As famous last words go, the conclusion of Fifa’s evaluation report into Qatar’s World Cup bid should be written on the organisation’s gravestone: “If Qatar is awarded the hosting rights, Fifa’s legal risk appears to be low.”

As Swiss police began questioning senior members of Fifa over allegations of “criminal mismanagement and money laundering” over the awarding of the 2018 World Cup to Russia and the 2022 tournament to Qatar, the legal risk to football’s world governing body regarding the latter appears enormous.

The controversy surrounding this award is huge. Fifa’s report should have concluded by pointing out that a World Cup in the emirate was unworkable. Summer temperatures from the rocky, scrubby desert reach 50 degrees – switching it to winter was not then an option.

It had only one major city – Fifa requires eight. It had no tradition of football. Nine of the 12 stadiums would be within 20 miles of each other – something the evaluation report did concede would be a problem. Qatar’s record on human rights was lamentable. Who could have backed such a proposal?

Pep Guardiola endorsed it – and is the emirate’s dream candidate to coach the national team. The Uefa president, Michel Platini, voted for it.

In contrast to the FBI investigation into bribery surrounding the Copa America, which led to one of Fifa president Sepp Blatter’s greatest allies Jeffrey Webb, the president of Concafaf, being arrested, the scandals surrounding Qatar have left the Swiss relatively untouched.

Blatter voted for the United States to host the 2022 tournament in an effort to heighten the richest nation on earth’s interest in “soccer”. With the FBI issuing arrest warrants for some of his colleagues, Blatter may have got his wish.

The men damaged by Qatar have mostly been those who have opposed Blatter in the past. Issa Hayatou, taken in for questioning by Swiss police, stood against him for the Fifa presidency in 2002. His most dangerous opponent, the Qatari Mohamed bin Hammam, was handed two life bans for allegedly attempting to bribe his way to the Fifa presidency in 2011.

Bin Hammam, then head of the Asian Football Federation, was described by the Qatar bid committee as “our biggest asset”. Their defence was that he used the bribes only for his presidential bid. None of the money, they argued, was to sway the World Cup vote.

When Bin Hammam fell, his fellow “conspirator”, Jack Warner, the then head of Concafaf, leaked a statement from Jérôme Valcke, Fifa’s general secretary, stating that Qatar had “bought the World Cup”. Valcke has since “adjusted” that comment.

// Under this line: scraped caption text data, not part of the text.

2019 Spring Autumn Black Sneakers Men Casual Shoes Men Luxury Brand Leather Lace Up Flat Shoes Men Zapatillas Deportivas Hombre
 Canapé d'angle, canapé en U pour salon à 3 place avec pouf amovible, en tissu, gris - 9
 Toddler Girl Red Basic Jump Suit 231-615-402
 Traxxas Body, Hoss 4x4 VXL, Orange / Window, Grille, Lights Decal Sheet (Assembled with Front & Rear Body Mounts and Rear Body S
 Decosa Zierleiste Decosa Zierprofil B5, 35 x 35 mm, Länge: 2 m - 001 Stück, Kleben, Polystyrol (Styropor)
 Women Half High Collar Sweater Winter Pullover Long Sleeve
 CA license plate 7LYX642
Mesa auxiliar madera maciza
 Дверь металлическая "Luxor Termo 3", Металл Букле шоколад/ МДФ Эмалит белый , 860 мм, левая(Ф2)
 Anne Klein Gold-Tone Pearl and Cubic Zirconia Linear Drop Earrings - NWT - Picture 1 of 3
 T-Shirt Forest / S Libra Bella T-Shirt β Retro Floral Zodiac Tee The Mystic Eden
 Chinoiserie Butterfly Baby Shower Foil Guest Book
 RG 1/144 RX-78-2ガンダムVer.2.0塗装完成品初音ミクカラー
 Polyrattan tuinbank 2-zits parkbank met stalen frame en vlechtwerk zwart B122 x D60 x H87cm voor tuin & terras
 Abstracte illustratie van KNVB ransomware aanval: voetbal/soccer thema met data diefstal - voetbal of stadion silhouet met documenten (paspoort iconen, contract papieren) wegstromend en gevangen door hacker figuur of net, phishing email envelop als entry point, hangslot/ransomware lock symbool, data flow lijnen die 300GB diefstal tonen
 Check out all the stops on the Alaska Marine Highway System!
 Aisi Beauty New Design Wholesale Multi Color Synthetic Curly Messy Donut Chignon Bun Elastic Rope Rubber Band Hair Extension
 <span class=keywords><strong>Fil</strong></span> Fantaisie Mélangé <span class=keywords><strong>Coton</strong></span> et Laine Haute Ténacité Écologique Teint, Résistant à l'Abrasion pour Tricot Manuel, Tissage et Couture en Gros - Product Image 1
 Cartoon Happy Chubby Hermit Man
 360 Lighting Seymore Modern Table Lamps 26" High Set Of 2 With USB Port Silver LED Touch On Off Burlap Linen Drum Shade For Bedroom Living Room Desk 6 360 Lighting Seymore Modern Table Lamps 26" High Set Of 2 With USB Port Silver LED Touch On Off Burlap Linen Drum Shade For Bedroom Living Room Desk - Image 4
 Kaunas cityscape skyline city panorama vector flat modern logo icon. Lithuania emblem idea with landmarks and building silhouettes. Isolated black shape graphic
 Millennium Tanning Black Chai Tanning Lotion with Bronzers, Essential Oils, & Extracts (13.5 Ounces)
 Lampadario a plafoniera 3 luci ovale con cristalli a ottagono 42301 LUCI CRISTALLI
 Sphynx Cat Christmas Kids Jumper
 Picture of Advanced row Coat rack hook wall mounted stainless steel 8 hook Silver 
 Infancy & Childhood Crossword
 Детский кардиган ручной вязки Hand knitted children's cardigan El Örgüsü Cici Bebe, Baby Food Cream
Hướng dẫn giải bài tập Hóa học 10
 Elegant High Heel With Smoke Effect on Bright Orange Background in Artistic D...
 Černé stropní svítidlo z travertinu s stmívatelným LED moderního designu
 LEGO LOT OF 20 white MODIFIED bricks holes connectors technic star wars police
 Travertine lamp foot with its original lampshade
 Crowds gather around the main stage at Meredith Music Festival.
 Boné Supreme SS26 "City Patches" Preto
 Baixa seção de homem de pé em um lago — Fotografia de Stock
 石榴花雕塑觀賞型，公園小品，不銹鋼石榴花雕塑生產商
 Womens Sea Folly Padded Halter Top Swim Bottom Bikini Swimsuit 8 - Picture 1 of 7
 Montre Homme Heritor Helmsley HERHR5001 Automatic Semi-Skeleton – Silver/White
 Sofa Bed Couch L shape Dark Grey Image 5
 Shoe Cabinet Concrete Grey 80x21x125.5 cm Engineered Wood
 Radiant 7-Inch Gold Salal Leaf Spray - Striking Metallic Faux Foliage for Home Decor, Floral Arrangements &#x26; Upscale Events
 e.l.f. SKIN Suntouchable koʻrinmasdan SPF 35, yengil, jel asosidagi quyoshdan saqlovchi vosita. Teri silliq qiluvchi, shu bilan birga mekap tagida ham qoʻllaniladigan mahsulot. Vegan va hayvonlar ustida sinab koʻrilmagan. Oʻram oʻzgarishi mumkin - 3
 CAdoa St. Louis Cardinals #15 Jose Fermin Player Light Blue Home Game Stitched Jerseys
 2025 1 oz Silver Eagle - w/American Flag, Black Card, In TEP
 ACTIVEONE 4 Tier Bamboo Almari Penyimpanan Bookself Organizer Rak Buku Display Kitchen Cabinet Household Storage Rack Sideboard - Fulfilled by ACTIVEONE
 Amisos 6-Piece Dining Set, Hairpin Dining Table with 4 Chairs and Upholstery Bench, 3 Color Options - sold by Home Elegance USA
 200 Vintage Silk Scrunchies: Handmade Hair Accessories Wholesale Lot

Phaedra Almajid, who worked on the Qatar World Cup bid, has also retracted her allegation that three African Fifa delegates – Hayatou, the head of the Confederation of African Football, Jacques Anouma and Amos Adamu – were each paid $1.5m for voting for Qatar. Hayatou has been questioned by Swiss police over allegations of “criminal mismanagement and money laundering”.

Fifa’s policy of awarding the 2018 and the 2022 World Cups together promoted allegations that votes were swapped on a mutual basis. The 2018 hosts, Russia, having annexed territory of another Fifa member and been accused of doing too little to restrain racism and homophobia, have escaped lightly with the glare of publicity that has enveloped Qatar.

Almajid may have retracted her allegations but it was only after the Qatari government threatened to sue her for breach of confidentiality. Her Twitter page was very active as the arrests were made in Zurich and she also posted tweets accusing Coca-Cola and McDonald’s of being “sponsors of slavery”.

When Qatar launched its bid six Mays ago, only one stadium had been built. The rest would be part of the biggest engineering project the Middle East would have seen since the Pyramids. It included the construction of an artificial island, Lusail, that would stage the final. It will have two golf courses, two marinas, a shopping complex and cost $15bn (£9.8bn).

The cost in lives of those charged with building the dream has been of the kind the pharaohs would have recognised. The Nepalese Foreign Employment Board estimated that between January and November last year, 157 of its citizens employed on construction projects died in Qatar – 75 of heart attacks and 34 in workplace accidents.

Those who died erecting the pyramids were buried with their tools. Those who died building Qatar 2022 have often been treated with far less honour.